▸ PROBLEM DESCRIPTION:
For this exercise, write out only the lines of the entries below from the one with "Abercrombie & Fitch" up to and including the one with "Bolsa Estruturada Couro", exactly as they are. Pictures stay out.

▸ GIVEN INFORMATION:
<<<<

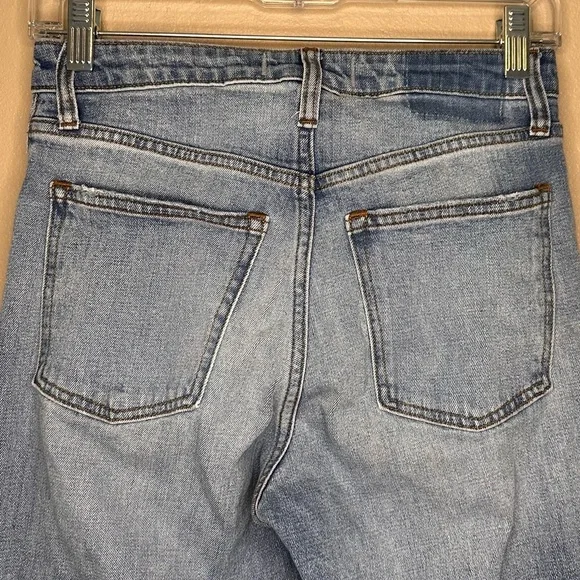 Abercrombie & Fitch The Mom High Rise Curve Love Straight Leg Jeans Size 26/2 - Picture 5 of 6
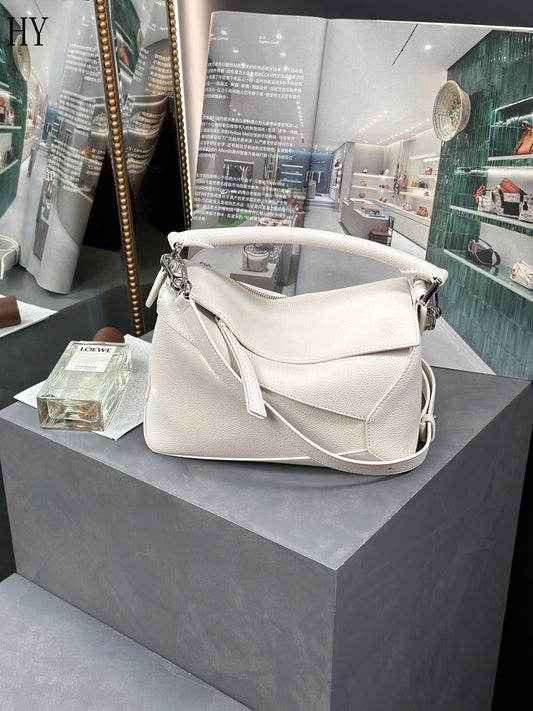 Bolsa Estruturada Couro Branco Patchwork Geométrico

>>>>
<<<<

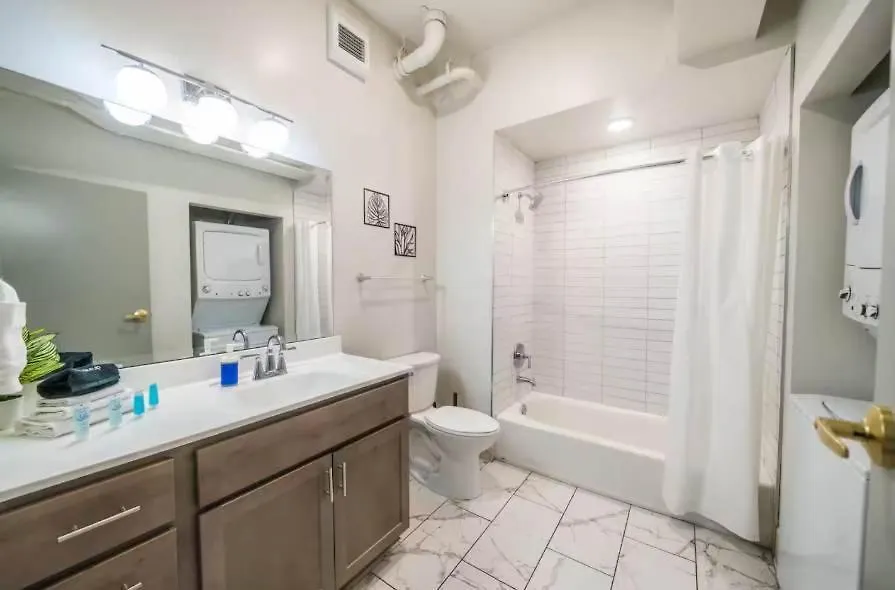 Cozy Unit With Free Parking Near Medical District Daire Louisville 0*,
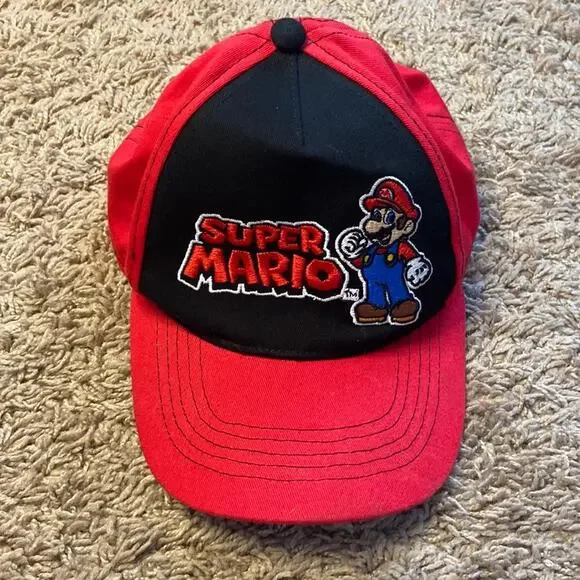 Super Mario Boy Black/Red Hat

>>>>
<<<<

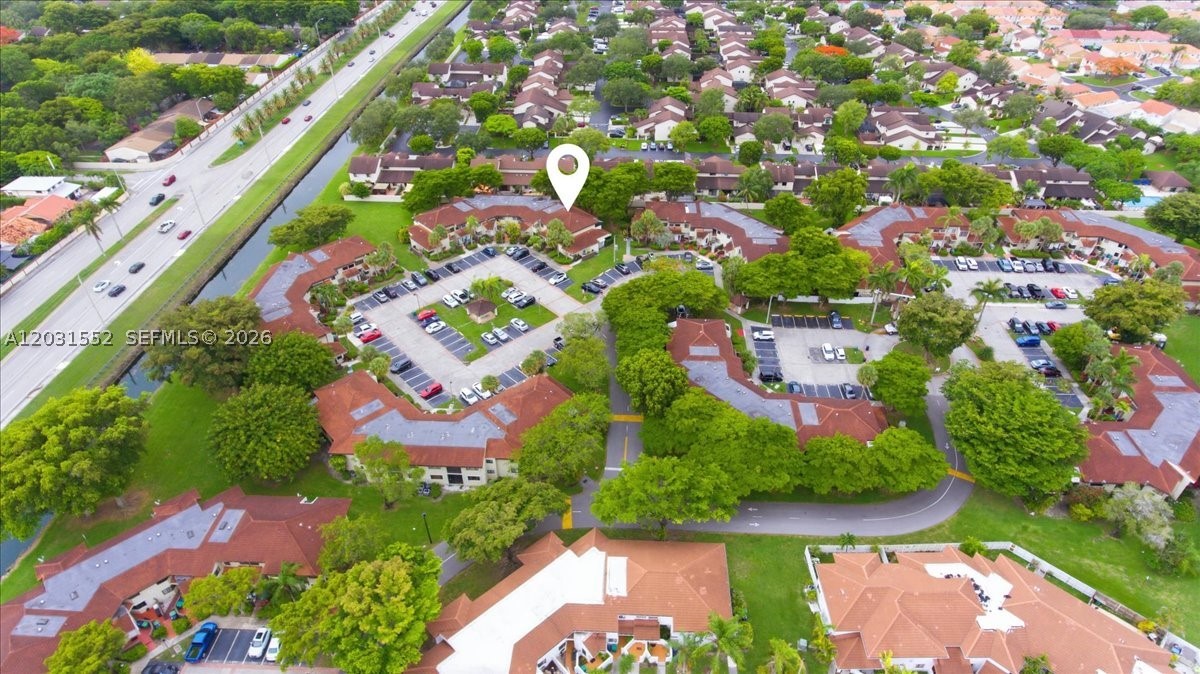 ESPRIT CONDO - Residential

>>>>

▸ ANSWER TO THIS EXERCISE:
 Abercrombie & Fitch The Mom High Rise Curve Love Straight Leg Jeans Size 26/2 - Picture 5 of 6
 Bolsa Estruturada Couro Branco Patchwork Geométrico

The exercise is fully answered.